Brian Bradley
NS&D Monitor
2/27/2015
Maj. Gen. Michael Fortney, Air Force Global Strike Command Director of Operations, last week said the Long-Range Strike Bomber will incorporate elements that will allow the aircraft to be nuclear-certified two years after conventional initial operating capacity (IOC), which is slated for the mid-2020s. “It’s going to be built with features and components allowing us to certify it for nuclear missions two years after conventional IOC,” Fortney said on Feb. 18 at the annual Nuclear Deterrence Summit.
Push for ‘Tailored’ Acquisition Policy Fizzles Out
A Feb. 24 Government Accountability Office report on DoD acquisition reform noted that originally, the LRSB program was allowed the flexibility to tailor many of the needed documents and reviews to suit its own acquisition process in lieu of following the department’s typical methodology.

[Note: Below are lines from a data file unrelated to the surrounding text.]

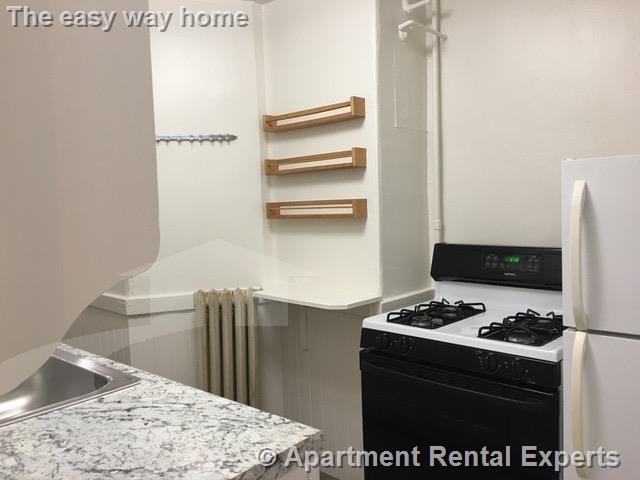 1 bed, 1 bath apartment for rent at 278 Highland Ave Unit 2L, Davis Square — photo 9 of 19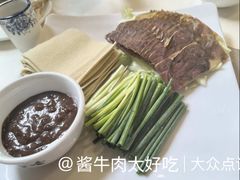 -福寿斋(顺义总店)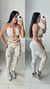 Conjunto legging poliamida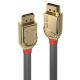 4. Kabel DisplayPort Gold Line 4K30Hz 20m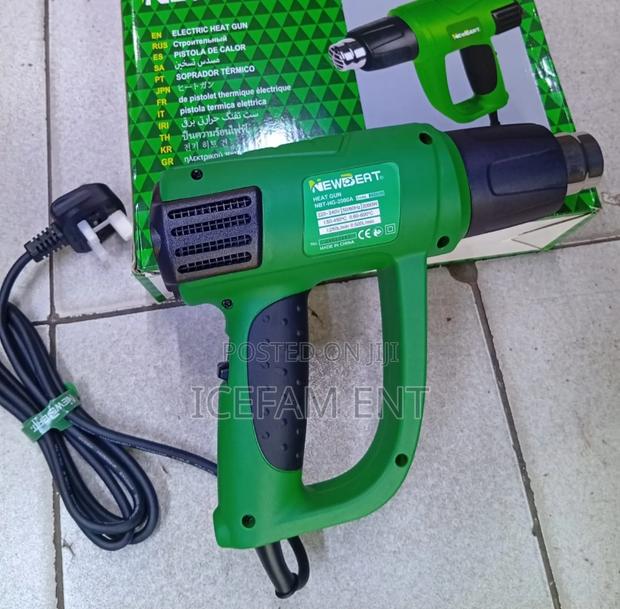 Newbeat Heat Gun/2000w Heat Gun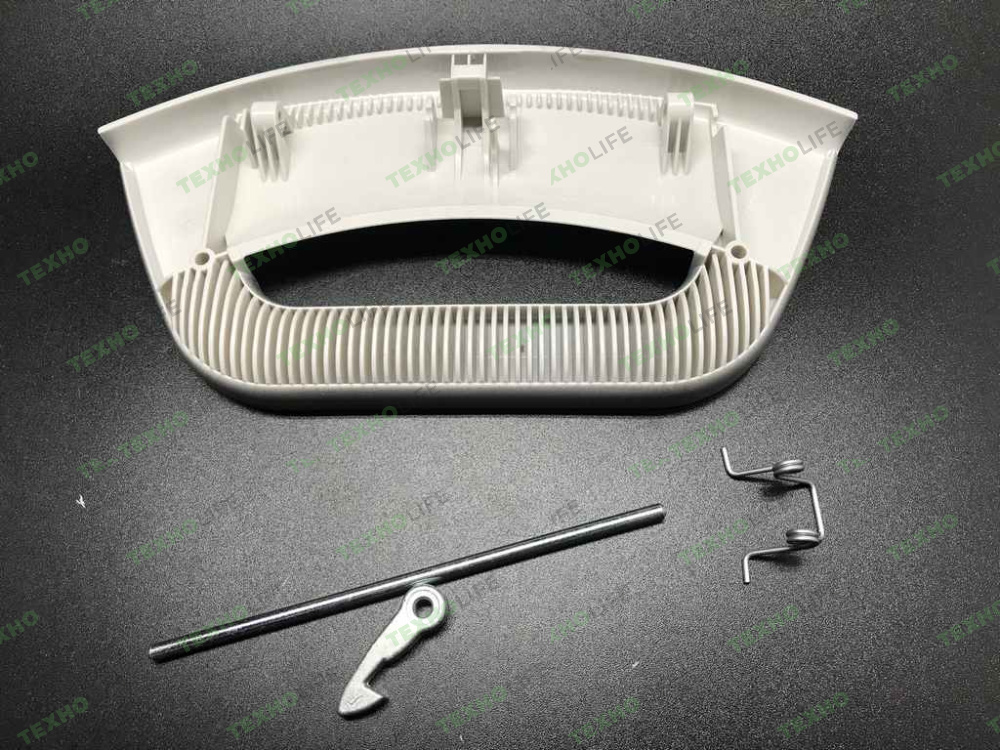 Ручка люка стиральной машины, Ariston, C00291123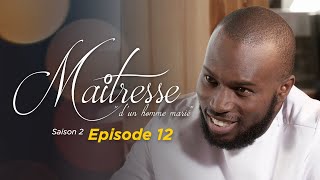 Maitresse dun homme marié  Saison 2  Episode 12  VOSTFR [upl. by Lirret]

But the study notes that, over time, those flexibilities were scaled back. “A few program officials told us that trying to tailor by obtaining waivers for milestone requirements involves significant time and effort, and that it is often easier to simply complete the requirements rather than try to obtain waivers,” the report notes. The study reviewed the “tailoring” approach only in the LRSB and F-22 Increment 3.2B programs.
$2B Earmarked for LRS Capabilities
The unclassified portion of the LRSB’s Future Years’ Defense Program (FYDP) notes $2 billion programmed until 2020 for Long-Range Strike capabilities, including $1.2 billion for research and development on the bomber itself for FY 2016, more than the current appropriated amount of $913.7 million for the bomber. Funding for the aircraft is expected to steadily increase each year of the Future Years’ Defense Plan, peaking in FY 2020 at $3.4 billion. Aviation analysts, industry officials and politicians, including Rep. John Fleming (R-La.), have speculated whether the largely “black” program has moved out of the R&D phase. The Air Force is expected to award a contract this spring to either Northrop Grumman or a Boeing-Lockheed Martin team to build the LRSB.
Fortney’s address largely reaffirmed the Defense Department’s position about the high importance of nuclear weapons in U.S. security strategy and the stated need to modernize. He also highlighted the existing and planned nuclear capabilities of international actors. “When we speak of the future role for the U.S. nuclear arsenal and look at the strategic landscape, we see states that are seeking the capability, states that are modernizing the capability, states that are saying that are saying they’re reliant on that capability, doctrinally,” he said. “They’re exercising it, they’re testing it, and not all of these states see eye to eye with us.”